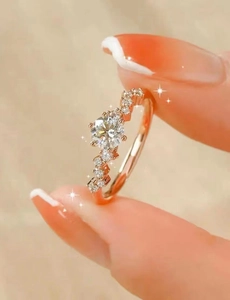 Macro view of rose gold engagement ring with wave-patterned diamond setting on hand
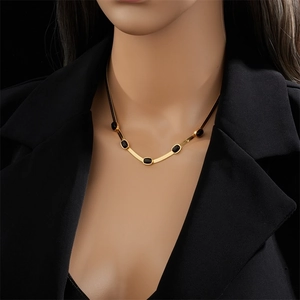 Elegant gold-plated snake chain necklace with oval black gemstones on a mannequin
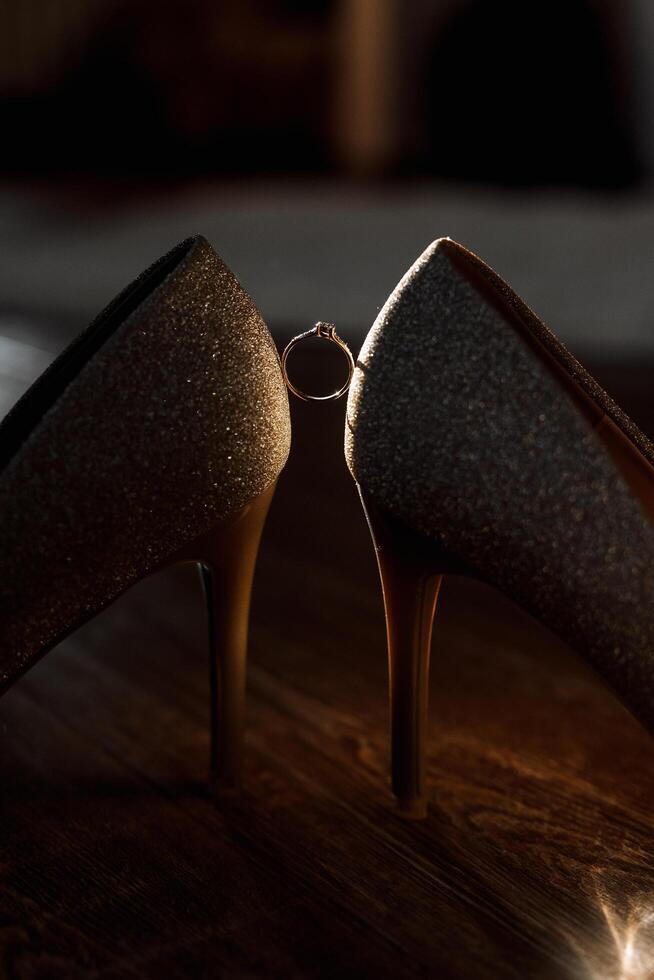 Bride's shoes. The girl wears stilettos. Elegant women's shoes. Beautiful details. The bride puts on her shoes and prepares for the wedding ceremony photo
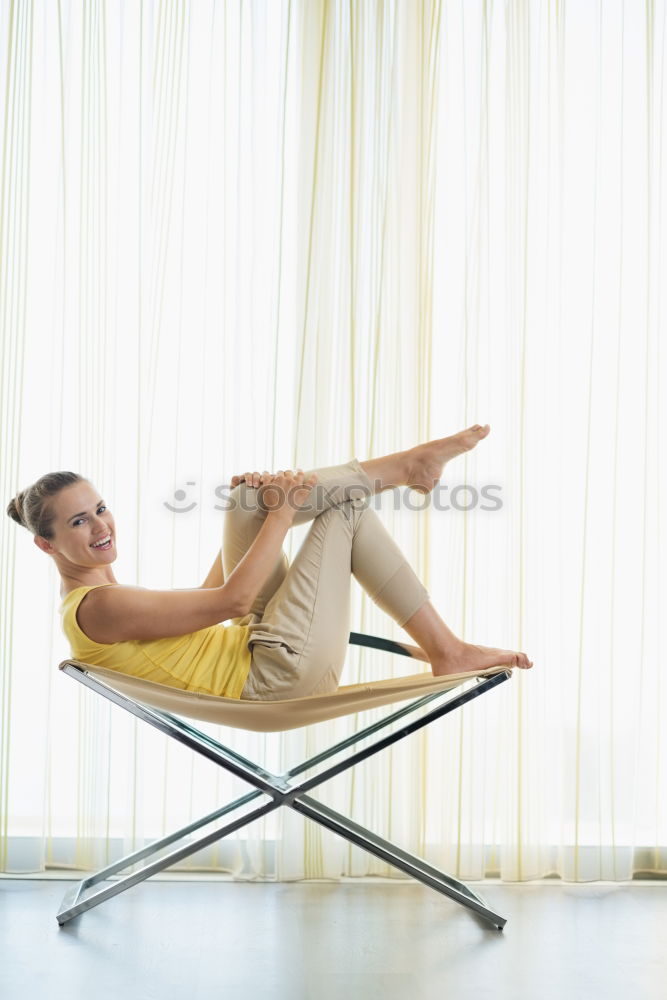 Similar – Image, Stock Photo Feet up. Casual young woman sits barefoot on a comfortable armchair, relaxes, raises her legs. vertical.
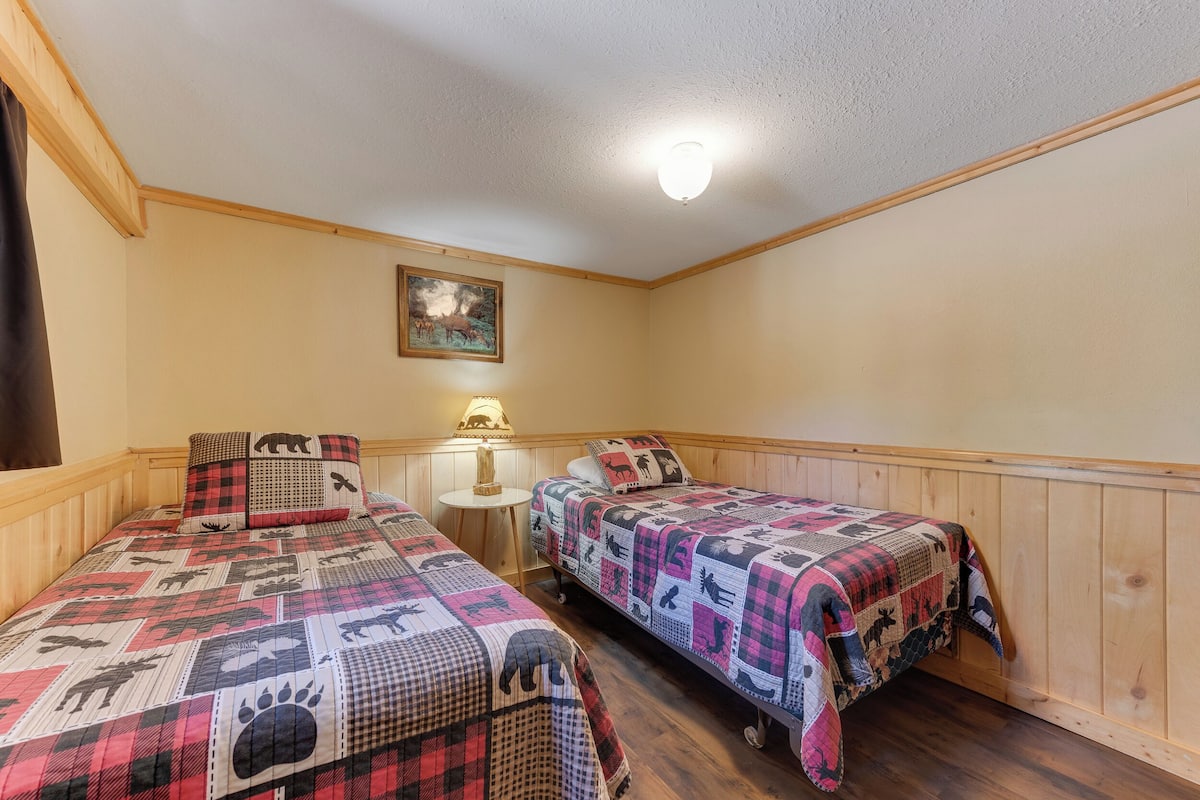 Ein Zimmer mit zwei Betten, jedes mit einer gesteppten Decke mit Tiermotiven. Es gibt einen kleinen runden Tisch mit einer Lampe und ein Bild an der Wand.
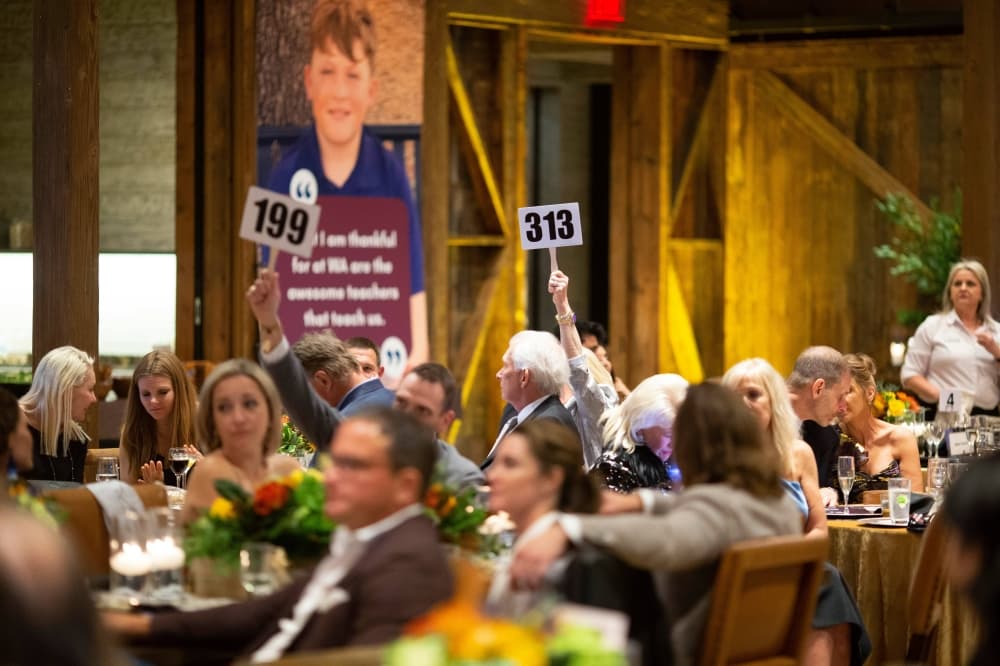 People holding up auction panels.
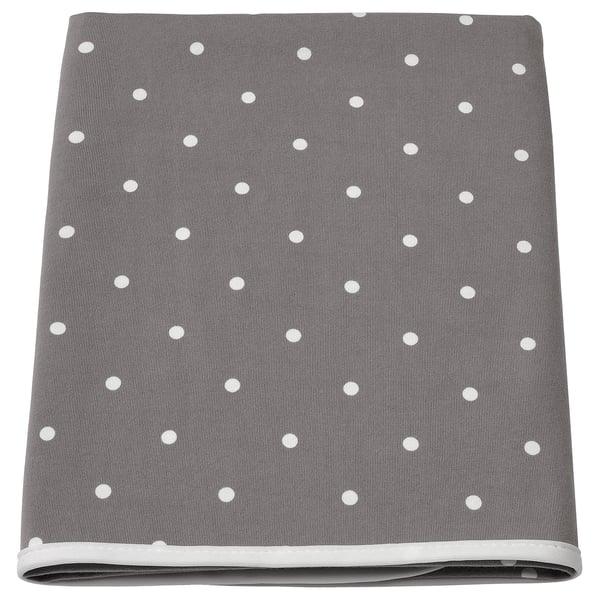 A gray and white polka-dotted babycare mat with a polyester edging and cotton fabric.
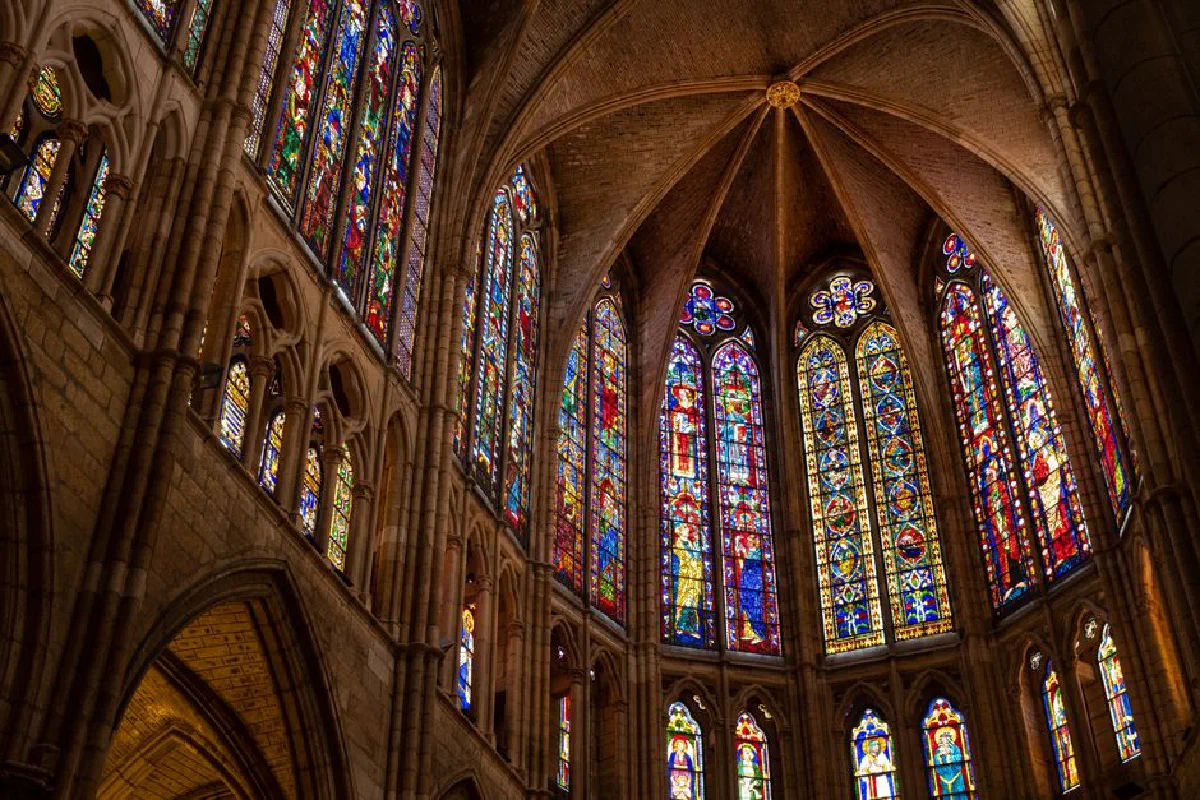 Intricate stained glass windows in the Gothic cathedral of León, Spain.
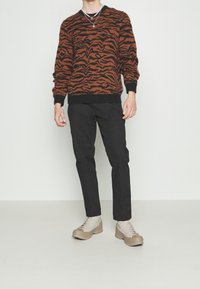 Orange and black patterned sweater with a crew neckline, paired with black pants and light beige lace-up shoes. Minimal accessories visible.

_ _ _ _

## [WORK INSTRUCTION]
The reply should hold the entries above from the line with "Elegant gold-plated snake" to the line with "Bride's shoes. The", duplicated exactly, pictures excluded.

## [TASK SOLUTION]
 Elegant gold-plated snake chain necklace with oval black gemstones on a mannequin
 Bride's shoes. The girl wears stilettos. Elegant women's shoes. Beautiful details. The bride puts on her shoes and prepares for the wedding ceremony photo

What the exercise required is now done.